A Letter for Advent 2021

In one of his best poems, Malcolm Guite writes of God’s unbounded generosity:

 

More than good measure, measure of all things

Pleroma overflowing to our need,

Fullness of glory, all that glory brings,

Unguessed-at blessing, springing from each seed

(“Good Measure” in Parable and Paradox)

 

One of the things we’ve had to get used to during the age of COVID is the way in which so many more meetings have had to be planned. During a spell in parish ministry, I found that the most fruitful things often emerged from chance meetings—a sudden insight from an impromptu chat at the school gates, encouraging words from a friend on a street corner, good news from a parishioner at the front door. For many of us during the last year or so, these unplanned rendezvous have been few and far between. Outside my family circle, most of my conversations have been pre-arranged, marked on a calendar, booked on Zoom.

This has made us at DITA especially aware of the “unguessed-at blessings” that we’ve seen “springing from seeds” planted long ago. In the last newsletter I announced that the McDonald Agape Foundation had granted us a huge gift. This partnership sprung out of an unscheduled encounter many years ago, when the Foundation’s entrepreneurial leader saw what we were trying to do and committed himself to supporting us. In Holy Week of next year, DITA will host another week of theology and arts activities in collaboration with King’s College, Cambridge. That too has its origins in a series of “chance” conversations between Duke and Cambridge ten years ago. The same goes for the book we will launch at Easter: The Art of New Creation, a feast of essays from the 2019 Symposium DITA10; many of those essays arose out of chit-chat over ad hoc cups of coffee, appointments that never got put into any calendar. In September 2022, we will be back in the Baldwin Auditorium at Duke with the New Caritas Orchestra, presenting a concert of lament and celebration. That remarkable band of Christian professional musicians was born out of two emails sent to me unexpectedly within days of each other, from two distinguished musicians who had never met.

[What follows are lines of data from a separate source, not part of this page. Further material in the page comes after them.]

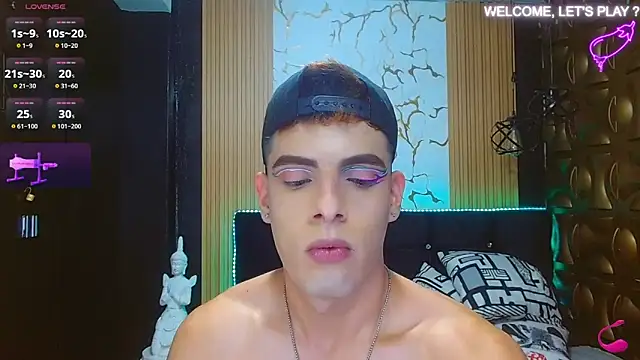 angel sexyevil online show from November 3, 1:13 pm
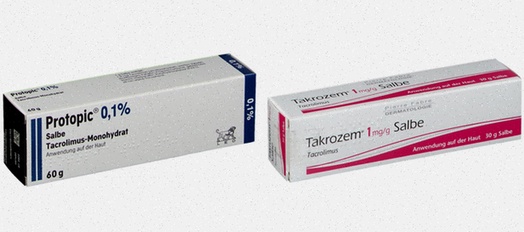 Acheter Tacrolimus - Illustration de capsules et flacon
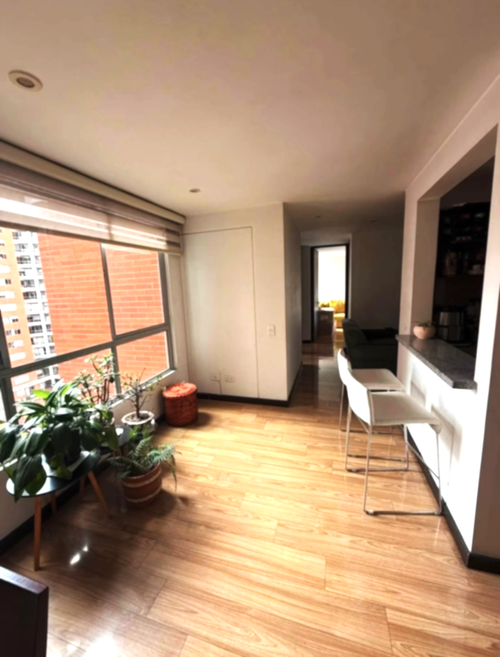 Apartamento en venta en La Felicidad, Bogotá · foto 10 de 24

All of this speaks of the “fullness” of God who is at work long before we plan anything, and not least in the spontaneous open-handedness shown by many who will be reading this. We have been blessed with a generosity that has “overflowed to our need,” and our gratitude is immeasurable.

Please do make a note of the events coming up this year, and do let us have your ideas, even if—perhaps especially if—they spring up out of nowhere.

This comes with warmest good wishes from all at DITA as we prepare to celebrate the birth of the ultimate “unguessed-at blessing,” Jesus our Immanuel.